I roughly calculated my overall worth with assets, subtracted the sizeable donation a reader gave me, and then divided it across the more than 9 years I’ve played EVE. It is not completely accurate, but after subtracting donations, the occasional poor trade and the rare ship loss and what not, my net worth in game increased on average by around 600M ISK a month. Per account, that is 300M ISK a month, 69M a week, or less than 10M ISK per day. I mean, 10M ISK is, err, well, not very much at all.

Realistically, if I took up daily PVP I could sustain around 20M ISK of losses a day across my two accounts without going backwards. Hello to the world of T1 Frigate combat – but anything bigger would become a lot more meaningful.

I recently spent 727M ISK on a Legion to zerg those Operation Frostline sites. If I lost that through a gank or a silly mistake, it would take me on average 36 days to recover the cost. That feels like it would be meaningful.

So my wallet balance reflects that I have played the game for a very long time and been able to avoid loss.  It does not reflect how meaningful ISK is.  To work out how accurate the statement “ISK loss has become meaningless” is, we need to figure out how easy the average player finds it to earn ISK.  For me, apparently not so much.

Three Thirty

After being rudely woken by a nasty headache at 3:30am today, I did some EVE stuff while waiting for my painkillers to kick in.

CCP have released a Dev Blog giving the flavour for Operation Frostline and this year’s Christmas festivities. Interestingly the loot drops from the Serpentis Sites will change over time.

http://community.eveonline.com/news/dev-blogs/operation-frostline/

RL greater than EVE

I haven’t been able to do much in EVE over the last week. My wife has been out three nights; with the Church Sunday School Teachers for coffee and dessert, two of her Sisters to see a show, and a Mothers Group dinner. Tonight she is going out to a School Mums Group dinner. Two further nights were taken up by the kid’s School concert, which had the Mother in Law stay one evening and my Parents stay another. I lost this Saturday’s session as I had to take my Daughter to a birthday party, and I lost Sunday’s session to another kid’s birthday party. There hasn’t been much downtime left over.

Some EVE players might wonder why I mentioned that. It seems to have nothing to do with EVE. Those with kids however will understand – your EVE experience is very much shaped by what happens to you outside of the game.

I am about to start my last week in my current job. After almost 4 weeks of silence my boss has finally panicked about my impending departure.

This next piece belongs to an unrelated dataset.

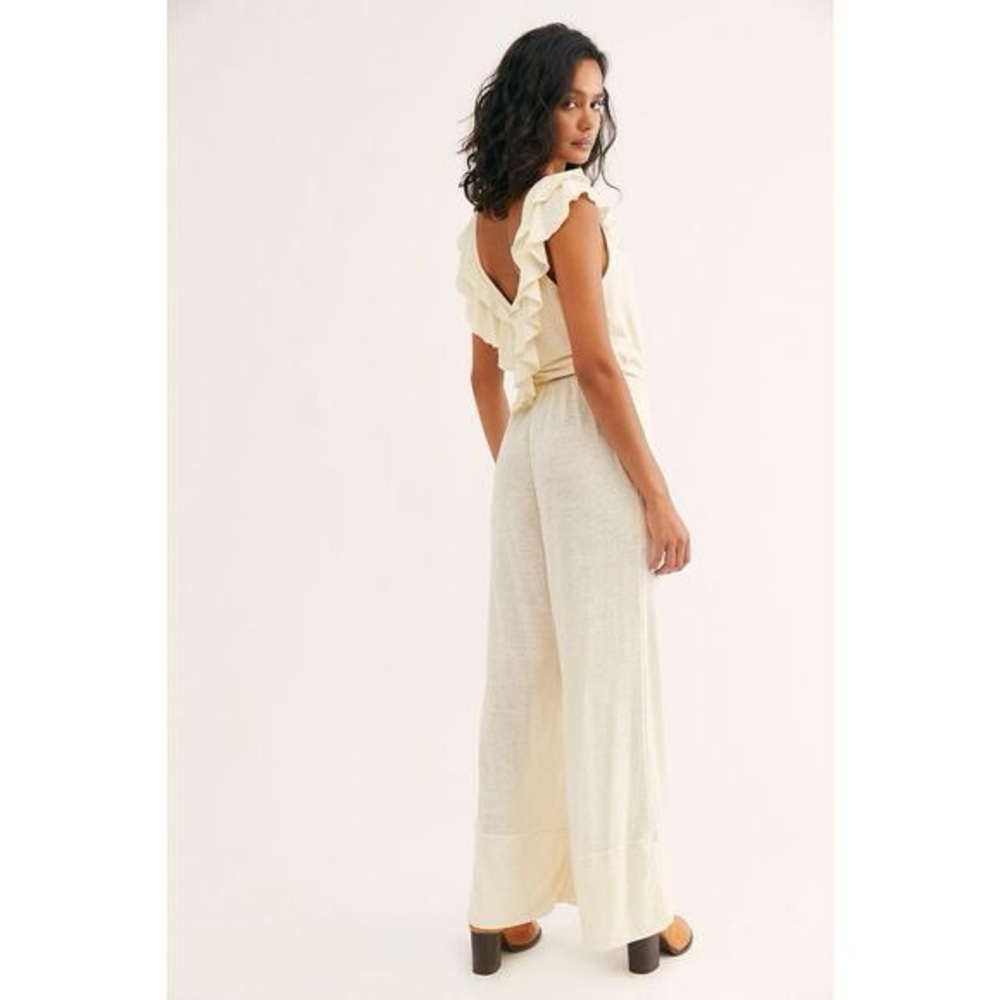Free People Beach Calluna Jumpsuit Sleeveless Wide Leg Linen Blend Ivory Large - Picture 3 of 7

It will be interesting to see what impact having time off will have on my relationship with EVE. Will I suddenly find myself playing more, or might it have the opposite effect.

http://community.eveonline.com/news/patch-notes/patch-notes-for-december-release/

The patch notes for the December release are available. I’ve copied them into OneNote and highlighted bits that will impact my game or that I will need to investigate. There is a lot there.